NOTE: This Wiki is kept here for reference for previous versions of Kilosort. For updated information about Kilosort4, please refer to kilosort.readthedocs.io instead.


This simulator is an adaptation of the original eMouse simulator that accompanied Kilosort 1. The current version adds simulation of tissue drift. The waveforms at arbitrary points on the probe are estimated using simple interpolation of measured waveforms from "oversampled" measurments. Waveforms for small neurons in this example are drawn from a striatum recording in the Kampff lab Ultradense Survey, analyzed by Susu Chen and Nick Steinmetz. Waveforms for large neurons are taken from recordings in midbrain peformed by Susu Chen using an imec 3A probe.

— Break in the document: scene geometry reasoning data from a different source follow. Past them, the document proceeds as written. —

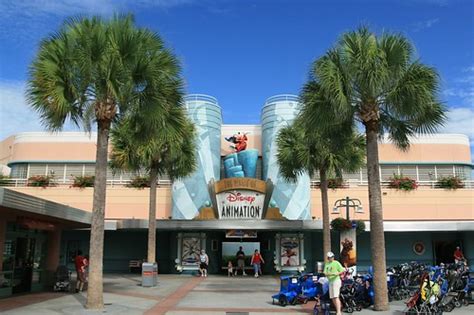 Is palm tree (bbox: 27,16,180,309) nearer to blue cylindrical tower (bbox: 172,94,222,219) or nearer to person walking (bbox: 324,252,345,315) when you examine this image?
person walking (bbox: 324,252,345,315)

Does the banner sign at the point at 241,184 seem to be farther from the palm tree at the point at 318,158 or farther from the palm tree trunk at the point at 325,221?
the palm tree trunk at the point at 325,221

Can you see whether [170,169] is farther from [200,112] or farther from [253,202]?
[200,112]

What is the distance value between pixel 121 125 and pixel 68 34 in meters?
3.14

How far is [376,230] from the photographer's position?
13.6 m

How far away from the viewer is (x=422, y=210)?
3148 cm

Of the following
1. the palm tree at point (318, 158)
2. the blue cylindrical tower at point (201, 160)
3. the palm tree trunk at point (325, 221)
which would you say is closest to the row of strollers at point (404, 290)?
the palm tree trunk at point (325, 221)

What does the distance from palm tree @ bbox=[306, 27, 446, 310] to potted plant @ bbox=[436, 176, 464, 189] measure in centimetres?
1898

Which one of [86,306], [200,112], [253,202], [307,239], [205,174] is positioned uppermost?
[200,112]

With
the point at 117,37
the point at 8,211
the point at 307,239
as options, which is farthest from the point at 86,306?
the point at 307,239

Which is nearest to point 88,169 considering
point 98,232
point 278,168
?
point 278,168

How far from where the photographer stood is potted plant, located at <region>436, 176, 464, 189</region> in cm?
3156

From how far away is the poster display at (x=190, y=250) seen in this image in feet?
94.1

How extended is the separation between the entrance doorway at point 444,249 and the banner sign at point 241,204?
1180 centimetres

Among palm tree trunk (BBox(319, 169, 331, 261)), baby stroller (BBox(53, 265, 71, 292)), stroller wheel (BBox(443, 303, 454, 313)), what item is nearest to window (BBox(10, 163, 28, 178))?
baby stroller (BBox(53, 265, 71, 292)) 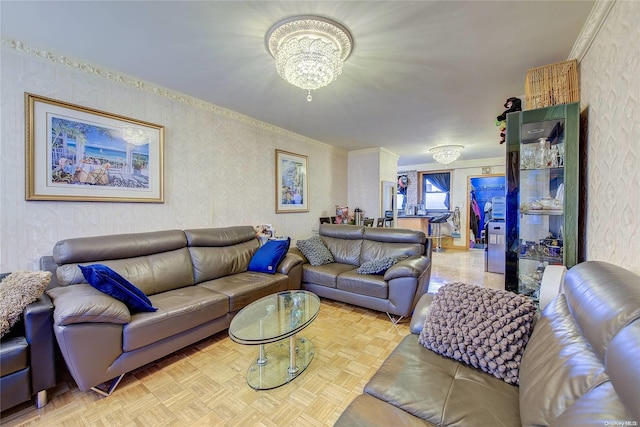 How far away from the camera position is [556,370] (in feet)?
2.87

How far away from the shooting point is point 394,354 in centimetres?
138

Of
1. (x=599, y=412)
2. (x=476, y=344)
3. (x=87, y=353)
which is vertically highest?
(x=599, y=412)

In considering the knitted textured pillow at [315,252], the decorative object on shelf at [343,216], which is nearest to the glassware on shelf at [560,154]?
the knitted textured pillow at [315,252]

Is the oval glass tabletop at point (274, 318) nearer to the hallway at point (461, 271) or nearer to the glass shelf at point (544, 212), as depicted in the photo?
the glass shelf at point (544, 212)

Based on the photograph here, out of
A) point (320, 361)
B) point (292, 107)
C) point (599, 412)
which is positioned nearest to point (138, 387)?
point (320, 361)

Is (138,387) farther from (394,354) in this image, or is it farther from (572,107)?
(572,107)

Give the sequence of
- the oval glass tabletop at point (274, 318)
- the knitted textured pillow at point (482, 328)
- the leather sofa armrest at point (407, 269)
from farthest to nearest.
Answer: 1. the leather sofa armrest at point (407, 269)
2. the oval glass tabletop at point (274, 318)
3. the knitted textured pillow at point (482, 328)

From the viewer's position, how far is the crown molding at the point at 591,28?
1522 mm

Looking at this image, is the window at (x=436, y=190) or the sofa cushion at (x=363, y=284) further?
the window at (x=436, y=190)

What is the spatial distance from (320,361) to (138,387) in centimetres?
127

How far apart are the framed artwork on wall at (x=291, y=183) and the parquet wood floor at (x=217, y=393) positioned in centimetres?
233

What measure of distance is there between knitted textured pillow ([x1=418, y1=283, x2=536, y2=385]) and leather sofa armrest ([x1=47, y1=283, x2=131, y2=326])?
1904 mm

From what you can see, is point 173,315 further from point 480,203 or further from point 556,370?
point 480,203

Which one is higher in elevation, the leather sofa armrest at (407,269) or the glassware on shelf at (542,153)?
the glassware on shelf at (542,153) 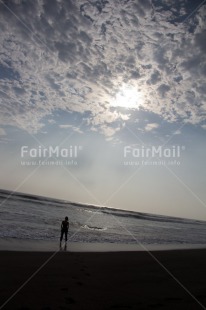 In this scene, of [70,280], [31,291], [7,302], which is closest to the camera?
[7,302]

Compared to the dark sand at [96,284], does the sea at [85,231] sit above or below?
below

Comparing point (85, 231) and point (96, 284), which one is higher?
point (96, 284)

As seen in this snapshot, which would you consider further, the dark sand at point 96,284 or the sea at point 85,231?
the sea at point 85,231

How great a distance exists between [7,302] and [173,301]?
3735 millimetres

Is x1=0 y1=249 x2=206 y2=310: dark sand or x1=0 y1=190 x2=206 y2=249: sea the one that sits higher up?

For the default sinusoidal simulation, the batch-to-batch waveform similarity matrix looks like this

After sorting, most clusters in Phy will have sinusoidal-varying amplitudes, and feature projections. Here are projections onto PC1 of a channel for two similar neurons:

Running the model with defaults

The master_eMouse_drift script will generate a 1200 second recording with moderately dense units (~1/site) and significant drift (20 um). To run the script, set the paths for the data directory, temporary directory, and the location of the Kilosort2 code; also set useParPool=0 if your workstation has <10 cores. After the data is created, Kilosort2 is called to sort the data, and the sorting results are compared to the known spike times to assess the performance of the sort. The final table written out to the command window gives the details for each ground truth unit, including the cluster labels that appear in Phy, so you can see what merges you'd make with ideal manual curation.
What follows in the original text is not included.